Of course, some organizations, like some families, are harmful, so we have two designations: Grade A (for altruistic) and Grade B (for bad). Our manual defines a Grade B qualifier as "a malevolent group, often with a charismatic leader, which deceives and abuses members and causes real harm to the society in which it functions." Grade B licensees include dangerous groups that arm themselves with automatic rifles, preach fear and hate and stockpile cyanide. Grade A groups include churches and institutions. Indeed, most of our licensees are Christian. The reason behind this predominance is not governmental bias, but Congressional expert testimony that Christianity dwells on the End of the World, the Apocalypse and the Day of Judgment. Psychologists have concluded that when groups hold the idea that the end is near, coupled with the belief that their leader is the Chosen One (as with "Do" of the Heaven's Gate group), you have all the ingredients for being a legitimate cult.
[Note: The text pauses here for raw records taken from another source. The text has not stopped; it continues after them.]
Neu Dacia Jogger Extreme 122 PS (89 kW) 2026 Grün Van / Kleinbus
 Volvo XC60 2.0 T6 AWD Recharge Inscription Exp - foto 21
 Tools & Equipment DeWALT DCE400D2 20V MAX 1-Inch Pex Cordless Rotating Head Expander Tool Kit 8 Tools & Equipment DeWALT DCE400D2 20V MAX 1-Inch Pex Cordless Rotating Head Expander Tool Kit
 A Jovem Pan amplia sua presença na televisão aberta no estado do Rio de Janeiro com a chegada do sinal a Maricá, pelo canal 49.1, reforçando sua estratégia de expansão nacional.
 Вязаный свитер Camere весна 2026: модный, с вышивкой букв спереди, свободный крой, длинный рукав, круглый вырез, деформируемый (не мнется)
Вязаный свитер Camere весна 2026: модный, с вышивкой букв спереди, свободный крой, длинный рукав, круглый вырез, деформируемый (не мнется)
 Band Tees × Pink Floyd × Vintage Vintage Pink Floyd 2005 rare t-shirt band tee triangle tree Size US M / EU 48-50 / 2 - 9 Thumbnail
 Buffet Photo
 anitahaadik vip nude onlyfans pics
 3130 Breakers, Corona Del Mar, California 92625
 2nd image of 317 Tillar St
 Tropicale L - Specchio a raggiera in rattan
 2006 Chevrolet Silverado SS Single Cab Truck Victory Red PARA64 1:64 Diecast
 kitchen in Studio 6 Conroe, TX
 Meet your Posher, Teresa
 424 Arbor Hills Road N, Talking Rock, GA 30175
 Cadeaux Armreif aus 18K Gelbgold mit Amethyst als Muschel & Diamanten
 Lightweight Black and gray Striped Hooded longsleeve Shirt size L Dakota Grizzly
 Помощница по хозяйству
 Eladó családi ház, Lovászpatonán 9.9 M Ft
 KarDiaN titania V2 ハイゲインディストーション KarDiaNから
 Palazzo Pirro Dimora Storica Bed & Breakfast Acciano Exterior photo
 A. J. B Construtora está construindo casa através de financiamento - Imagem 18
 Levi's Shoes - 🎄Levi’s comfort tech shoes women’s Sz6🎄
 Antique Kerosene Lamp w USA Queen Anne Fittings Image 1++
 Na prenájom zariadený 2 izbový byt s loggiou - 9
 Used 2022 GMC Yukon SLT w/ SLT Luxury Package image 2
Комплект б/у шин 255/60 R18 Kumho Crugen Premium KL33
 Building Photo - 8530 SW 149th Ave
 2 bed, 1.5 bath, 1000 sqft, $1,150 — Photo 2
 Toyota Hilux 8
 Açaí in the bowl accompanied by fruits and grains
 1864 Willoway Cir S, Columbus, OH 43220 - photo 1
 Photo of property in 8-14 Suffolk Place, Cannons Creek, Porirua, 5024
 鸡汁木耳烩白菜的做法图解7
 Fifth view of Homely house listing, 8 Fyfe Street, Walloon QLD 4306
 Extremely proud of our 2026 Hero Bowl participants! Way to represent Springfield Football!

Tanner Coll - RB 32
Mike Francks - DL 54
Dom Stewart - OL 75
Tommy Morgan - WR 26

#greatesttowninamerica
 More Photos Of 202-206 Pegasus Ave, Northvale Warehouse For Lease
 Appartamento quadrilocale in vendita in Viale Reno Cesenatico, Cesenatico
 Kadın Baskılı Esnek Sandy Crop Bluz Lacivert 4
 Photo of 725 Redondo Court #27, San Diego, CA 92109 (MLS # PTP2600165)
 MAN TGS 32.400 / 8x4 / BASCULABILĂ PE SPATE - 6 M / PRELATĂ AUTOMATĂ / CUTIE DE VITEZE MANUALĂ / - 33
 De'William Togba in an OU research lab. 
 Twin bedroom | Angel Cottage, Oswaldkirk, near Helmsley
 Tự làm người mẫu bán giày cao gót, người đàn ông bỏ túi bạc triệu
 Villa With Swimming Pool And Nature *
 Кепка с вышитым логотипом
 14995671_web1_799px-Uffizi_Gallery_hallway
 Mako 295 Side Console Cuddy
We realize that the US press does sometimes ineptly brand Eastern religions as cultish, but their misjudgment will not help your group to receive recognition from this office. That brings us to your failed application. In your submissions, you have noted that we have not approved a single Hindu cult, and you have said this strikes you as unjust. Scholarly informants assure us that Hindus just don't qualify. They cite the Osho/Rajneesh phenomenon in the '80s, but note he was a renegade Jain, not a Hindu. Transcendental Meditation is high on many cult lists, but they make no claims of being Hindu, and the only danger they pose is a ruinous loss of followers' anxiety.
It may seem discriminatory, but there are no credible Hindu cults. We have concluded that this is your fault, not ours. Why? Hindus don't possess the narrowness that any resourceful cult nurtures in members. Hindus see God everywhere and in everyone. That belief renders them inept in the arrogant arts and the social and psychological antagonisms which are the bread and butter of reputable cults. Moreover, they are quite incompetent when it comes to the requisite skill of forcing their beliefs on others, thinking, as they do, that all paths are worthy and each soul will ultimately attain spiritual liberation, with none suffering eternally in Hell. They are, to put it quite plainly, too occult to be a cult.
If ever these shortcomings are rectified--and especially if you or your affiliated ashrams and temples could offer some verifiable proof of commitment to a Messiah or a millenarian worldview or if Hindus are ever implicated in a mass suicide or if your tradition ever mitigates its stubborn universalistic openness toward other paths--we will be pleased to reconsider your application.